The Hatfield Public Library has done lots of much needed weeding in the last year. For some reason, Fanny Flagg's first book, Coming Attractions, was missed and I'm glad. It's old and in rough shape but I checked it out anyway. I love all the books I've read by Fanny Flagg. Remember Fried Green Tomatoes? The term that comes to mind most often is "feel good" and this one was no exception. It's funny, witty, thought-provoking and the characters are worthy of Janet Evanovich and Carl Hiaason and yet totally believable and unique.

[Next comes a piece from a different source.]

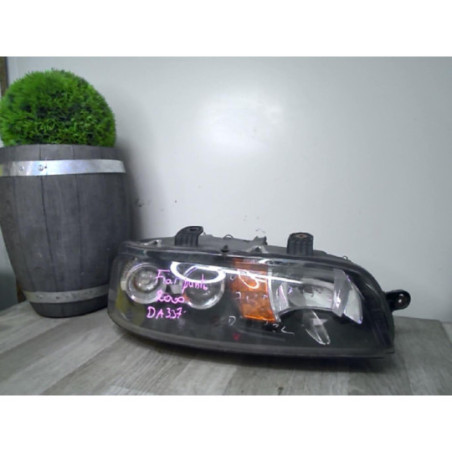 Optique avant principal droit (feux)(phare) FIAT PUNTO 2 PHASE 1 d’occasion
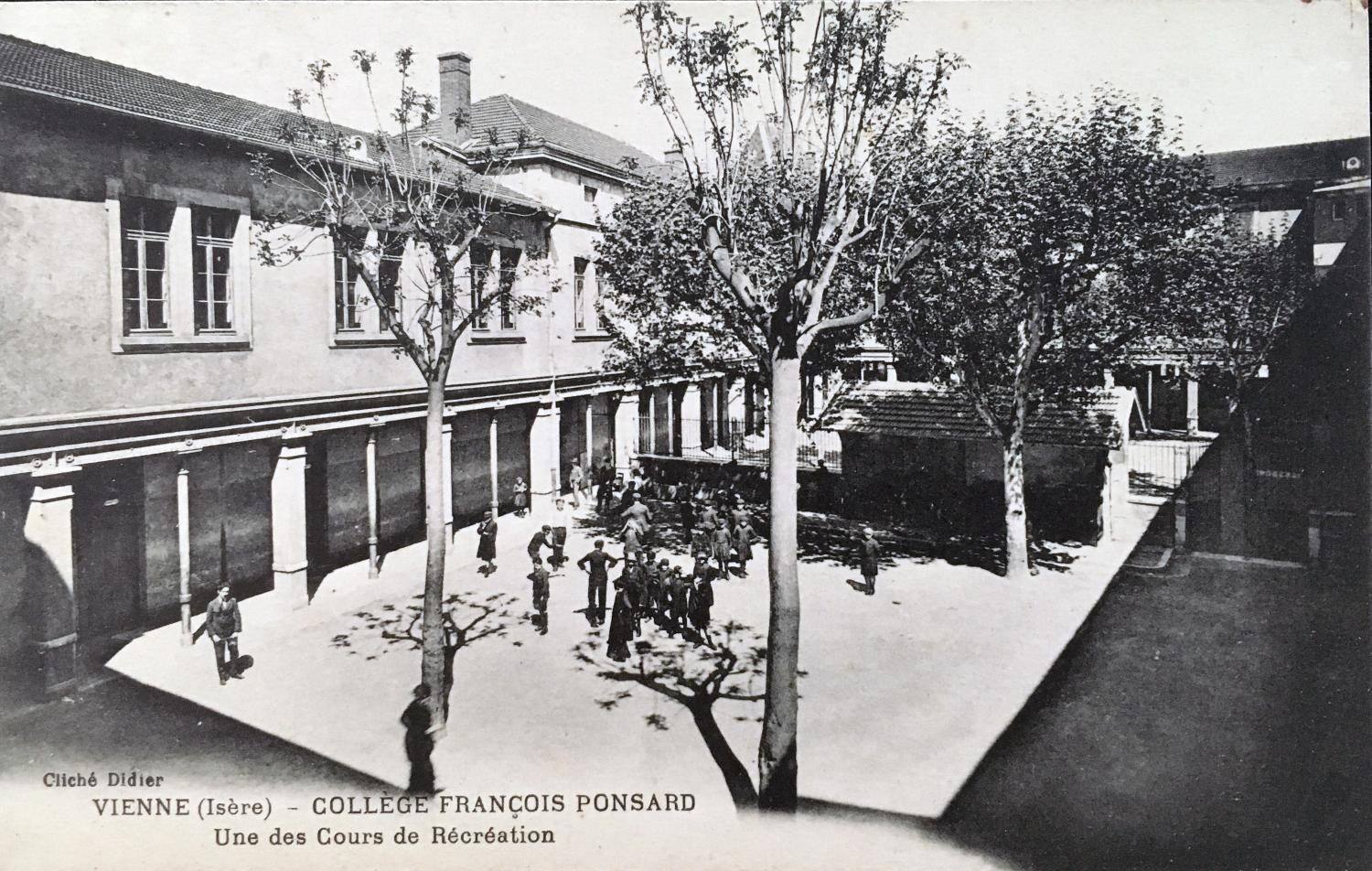 Collège de jésuites, puis institut national, école centrale supplémentaire, école communale secondaire, collège communal et école pratique de commerce et d'industrie, lycée, actuellement collège François-Ponsard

Simultaneously I'm still reading Change Your Brain, Change Your Body. I just finished the chapter on stress which I found valuable although learned nothing new. Dr. Amen does include laughter as a stress reducer. Reading Janet Evanovich, Carl Hiaason and Fanny Flagg helps with that.

Now I'm reading the chapter on memory and the fact that, like muscles in your body, your brain deteriorates if you don't stimulate it. A lazy brain increases your chances of memory loss and also dementia as you age. I had intended to use this free time to improve my computer skills which would enhance my resume. Now I have more reason to do so.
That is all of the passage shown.